And then, on the very eve of the championship, the weather broke. A near-gale sprang up from the south and suddenly it was a whole new ball game. Players set out for the final tuning of their games in the last practice round and gave up. Others decided not to go out at all. Some said to themselves "What the hell!" and carried on. Sandy Lyle, the defending champion, was one of them. He was worth listening to afterwards.
At the eighteenth, which he had been playing with a three wood and an eight iron, he now needed two drivers. At the fifteenth, earlier perhaps a five iron to this teasing short hole, he had to hit a driver as well. At the sixteenth, where a gentle if delicately judged pitch is needed to clear Wilson's burn, he needed a one iron to be sure. At once the complaints mounted.
The rough was so savage, said Greg Norman, that he and Raymond Floyd had discussed the possibility of a player injuring himself as he tried to extricate himself. Could that player then sue the Royal and Ancient for damages? He did not know but he thought it an intriguing question. Overnight the fairways had also seemed to have come down by about ten yards in width and there were broad hints that something should be done about it.
 | | The weather proved ominous yet again as the first round began. |
Hurriedly Michael Bonallack, Secretary of the Royal and Ancient, was called for a Press conference. He was as unflappable and calm as one would expect of the most senior officer in golf's oldest institution. The Championship Committee still regarded the course to be fair. There was no point in cutting the semi-rough because it acted as a cushion in front of the thick rough and there was less point in doing anything with the thick rough because there would be no means of carting it away. And in any case the forecast was that the wind would not be as strong on the morrow.
What no one wanted, least of all the R&A, was a repeat of the very variable weather suffered the year before at Royal St. George's. Then the players out on the afternoon of the first day and the morning of the second had got by far the roughest deal. Lyle had been one of the lucky ones.
Often such changes of weather are dictated by the turn of the tide at high water. A telephone call to the harbourmaster at Girvan revealed that high water would be at around 8 a.m. and then again some twelve hours later. It was his opinion, as a man of the sea, that the weather, whatever it would be, would stay about the same all day.
For all that there was doubt and uncertainty in many minds as Thursday dawned. It was grey, cold and windy; not quite as windy and it had also shifted to the west. Nor were the early omens any better. Ray Stewart, out in the first group at 7.30 a.m., drove into the rough, could not play it and had to take a penalty drop. Some early red figures appeared on the leader boards but they never stayed there for long. Par began to get recognition instead. Then it became the one overs. It was that sort of day.

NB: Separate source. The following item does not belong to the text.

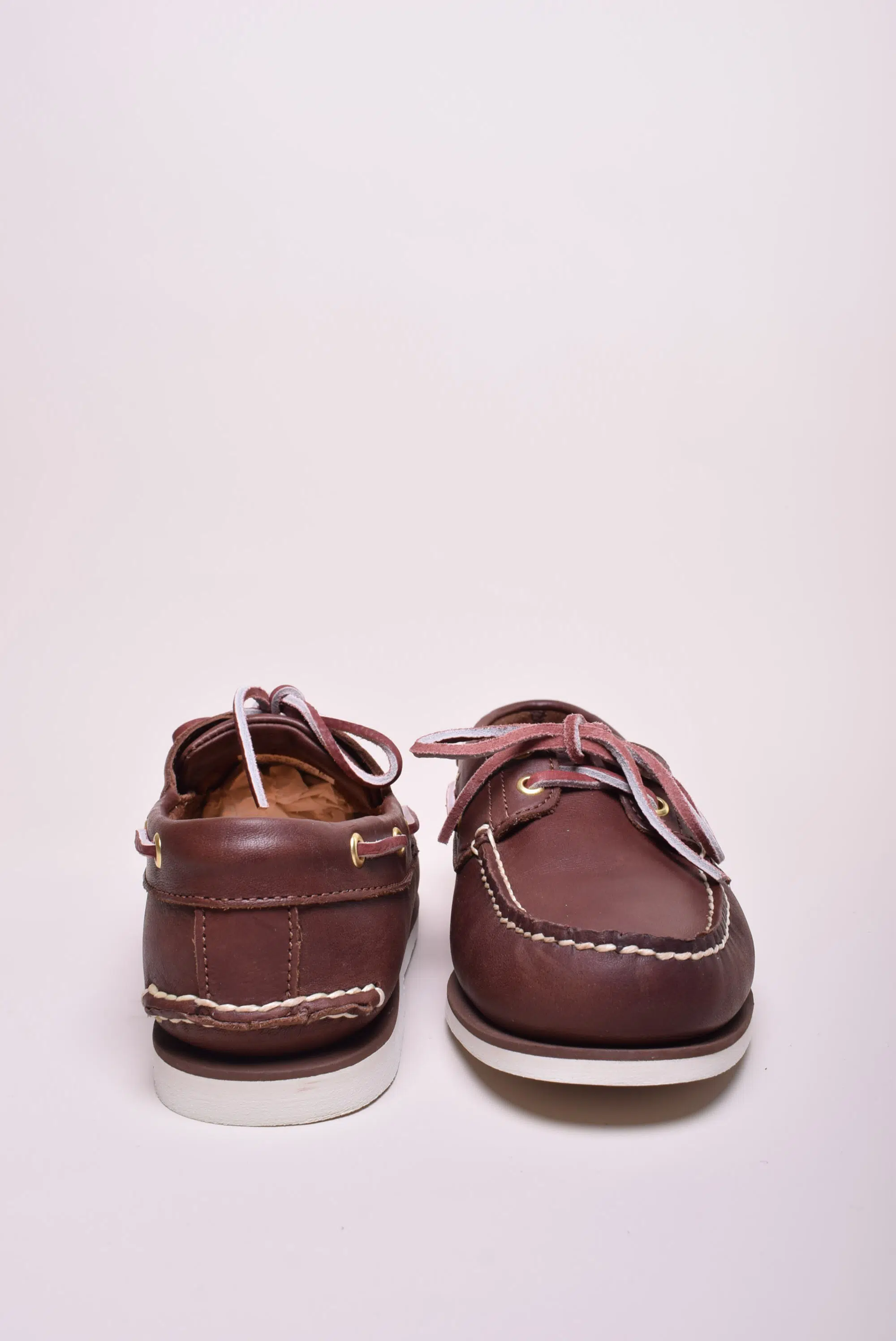 Mocasini barbati Classic Boat [3]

But there is always someone who gets it round and that man was Ian Woosnam, who last year had played his part in Europe's famous victory in the Ryder Cup. A chunky little Welshman with a stout heart, he played the inward half in 31 for a 70. He was the only man to match par though, realistically, it felt more like five under. Moreover it could be measured against an average score of 78.19.
For a long time it had looked as if Nick Faldo, who has been trying to re-build his swing for the past twelve months with only slow success, had done the trick with a 71 that he brought in soon after lunch. But Woosnam sneaked past him in the early evening and then, as a pale sun began to dip towards the Mull of Kintyre, Gordon J. Brand, Robert Lee and one of that rising crop of young Swedish golfers, Anders Forsbrand, all came in with 71s as well.
Behind them, on 72, were another five, of whom the most significant was perhaps Bernhard Langer, who had prepared for this championship as diligently as anyone. Andrew Brooks, who limits his golf these days only to Scotland, was another, together with two Americans in Ron Commans and Sam Randolph, only recently turned professional, Derrick Cooper, an Englishman, and an Australian, Ian Stanley.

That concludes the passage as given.